Task to carry out: Output the data below exactly. Leave nothing out.

Data for this task Start Marker

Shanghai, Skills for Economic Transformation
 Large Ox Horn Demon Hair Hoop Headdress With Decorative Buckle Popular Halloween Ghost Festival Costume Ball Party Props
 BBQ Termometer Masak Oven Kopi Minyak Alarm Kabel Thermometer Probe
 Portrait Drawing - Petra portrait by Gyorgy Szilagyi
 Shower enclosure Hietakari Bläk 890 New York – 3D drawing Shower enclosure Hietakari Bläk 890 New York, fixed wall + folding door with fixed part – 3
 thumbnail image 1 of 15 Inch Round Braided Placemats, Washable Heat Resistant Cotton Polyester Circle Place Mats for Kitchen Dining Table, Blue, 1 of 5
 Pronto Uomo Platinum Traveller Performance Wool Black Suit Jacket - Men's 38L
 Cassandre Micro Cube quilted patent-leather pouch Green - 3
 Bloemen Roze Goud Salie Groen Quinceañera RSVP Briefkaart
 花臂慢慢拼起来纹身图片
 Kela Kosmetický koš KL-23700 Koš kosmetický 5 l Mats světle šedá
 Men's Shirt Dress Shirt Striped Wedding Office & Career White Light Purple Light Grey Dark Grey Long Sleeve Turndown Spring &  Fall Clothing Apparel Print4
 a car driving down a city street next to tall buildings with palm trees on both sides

Data for this task End Marker

Reply:
Shanghai, Skills for Economic Transformation
 Large Ox Horn Demon Hair Hoop Headdress With Decorative Buckle Popular Halloween Ghost Festival Costume Ball Party Props
 BBQ Termometer Masak Oven Kopi Minyak Alarm Kabel Thermometer Probe
 Portrait Drawing - Petra portrait by Gyorgy Szilagyi
 Shower enclosure Hietakari Bläk 890 New York – 3D drawing Shower enclosure Hietakari Bläk 890 New York, fixed wall + folding door with fixed part – 3
 thumbnail image 1 of 15 Inch Round Braided Placemats, Washable Heat Resistant Cotton Polyester Circle Place Mats for Kitchen Dining Table, Blue, 1 of 5
 Pronto Uomo Platinum Traveller Performance Wool Black Suit Jacket - Men's 38L
 Cassandre Micro Cube quilted patent-leather pouch Green - 3
 Bloemen Roze Goud Salie Groen Quinceañera RSVP Briefkaart
 花臂慢慢拼起来纹身图片
 Kela Kosmetický koš KL-23700 Koš kosmetický 5 l Mats světle šedá
 Men's Shirt Dress Shirt Striped Wedding Office & Career White Light Purple Light Grey Dark Grey Long Sleeve Turndown Spring &  Fall Clothing Apparel Print4
 a car driving down a city street next to tall buildings with palm trees on both sides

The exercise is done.